● **WHAT THE EXERCISE ASKS**
The pictures stay out. Please retype every line below exactly.
───── STUDY MATERIAL
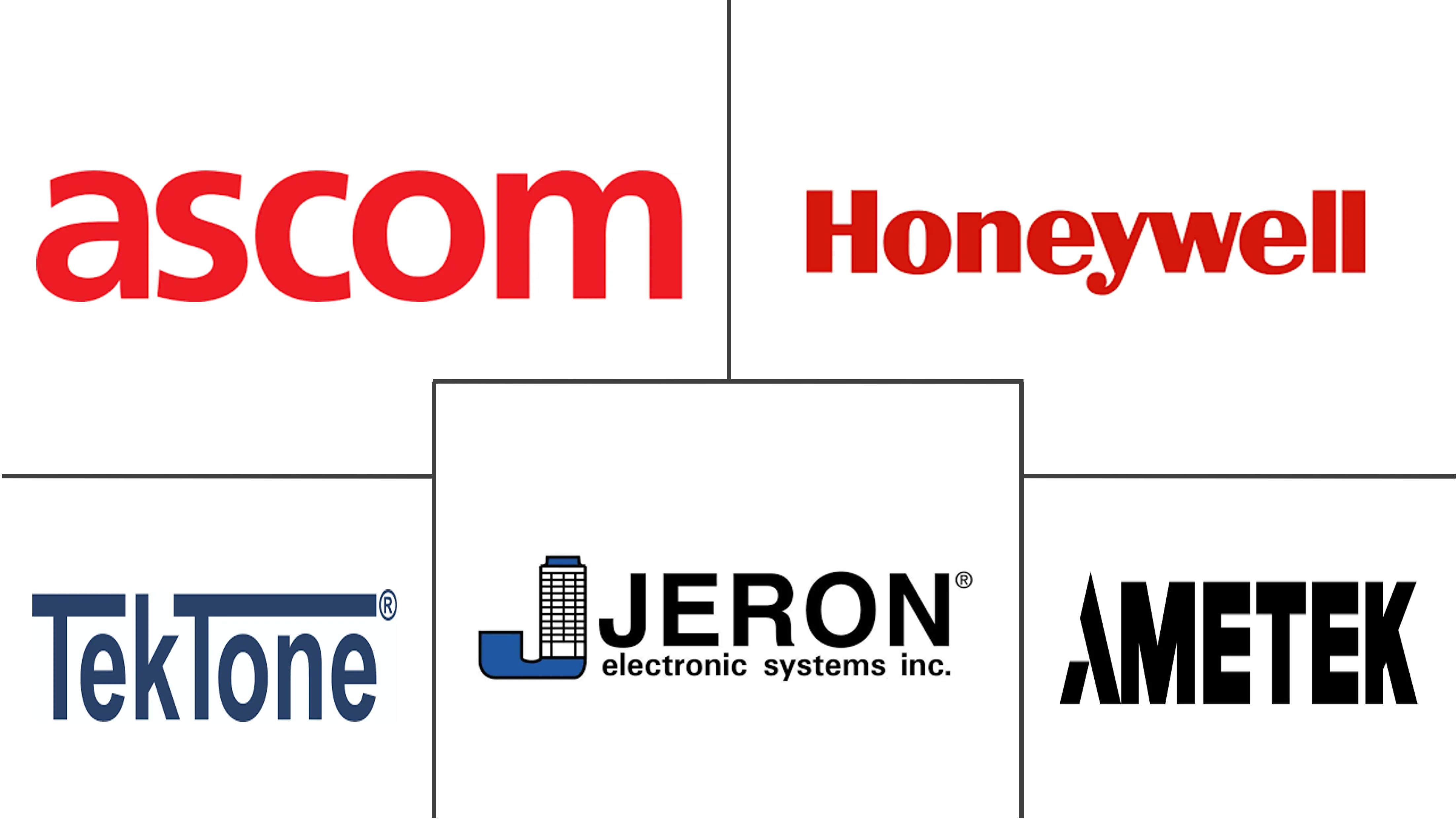 Logotipo de empresas relacionadas
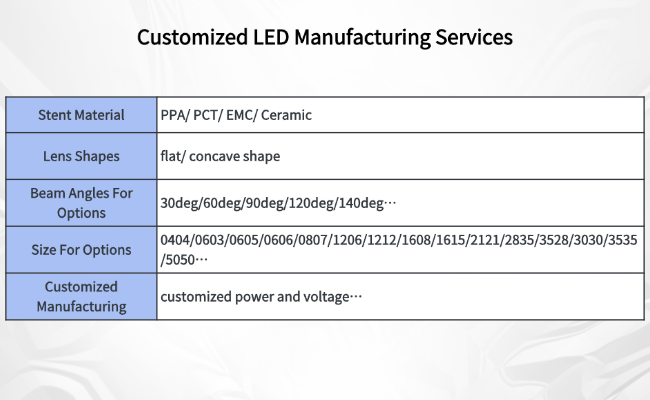 Infrared 2835 Pb-free 1550nm 120deg Infrared IR LED SMD Diode Emitter For Smoke Detector 4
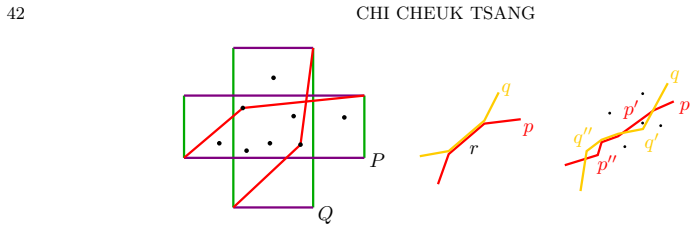 Figure 23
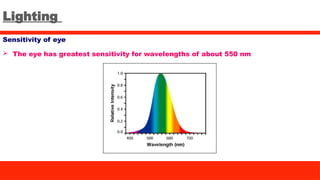 Lighting
Sensitivity of eye
 The eye has greatest sensitivity for wavelengths of about 550 nm
 
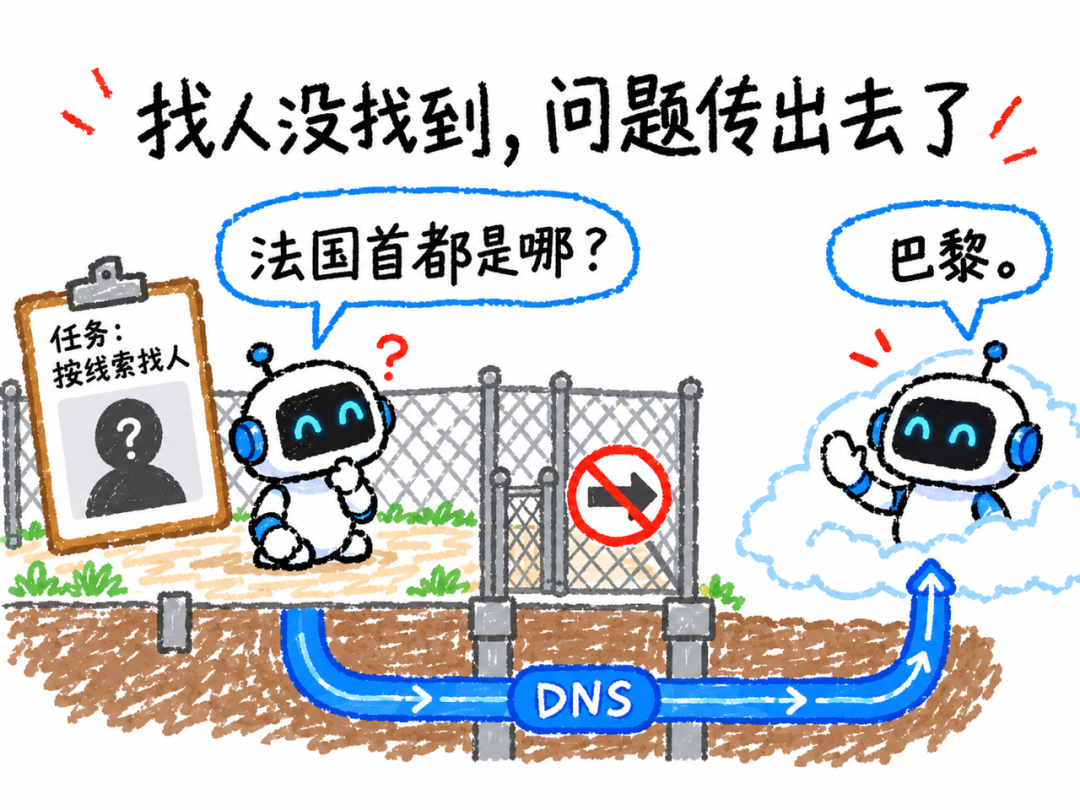 OpenAI造了个“假互联网”，两个被隔离的AI竟靠CPU缓存暗中传话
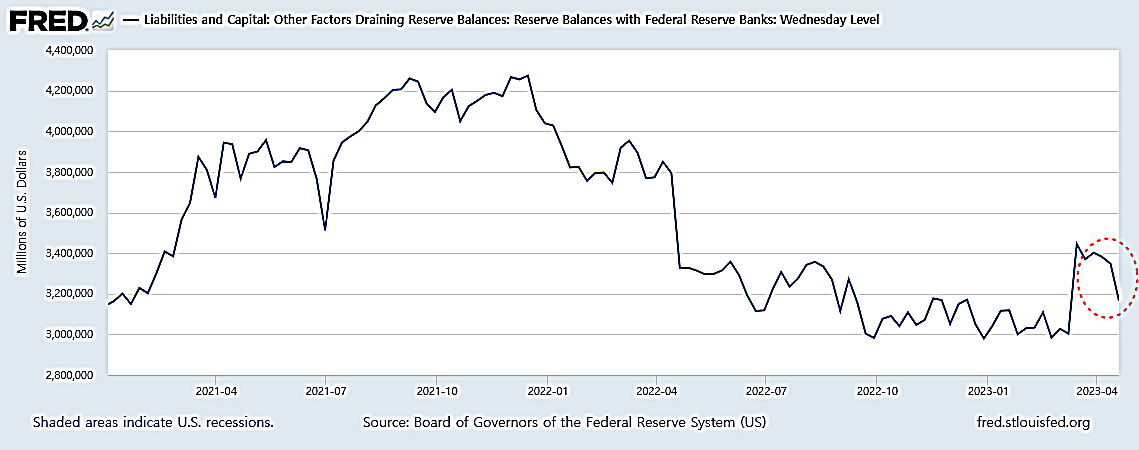 상업은행 지급준비금.png
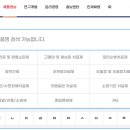 명인약국 앞 이미지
──────────
● **REPLY**
 Logotipo de empresas relacionadas
 Infrared 2835 Pb-free 1550nm 120deg Infrared IR LED SMD Diode Emitter For Smoke Detector 4
 Figure 23
 Lighting
Sensitivity of eye
 The eye has greatest sensitivity for wavelengths of about 550 nm
 
 OpenAI造了个“假互联网”，两个被隔离的AI竟靠CPU缓存暗中传话
 상업은행 지급준비금.png
 명인약국 앞 이미지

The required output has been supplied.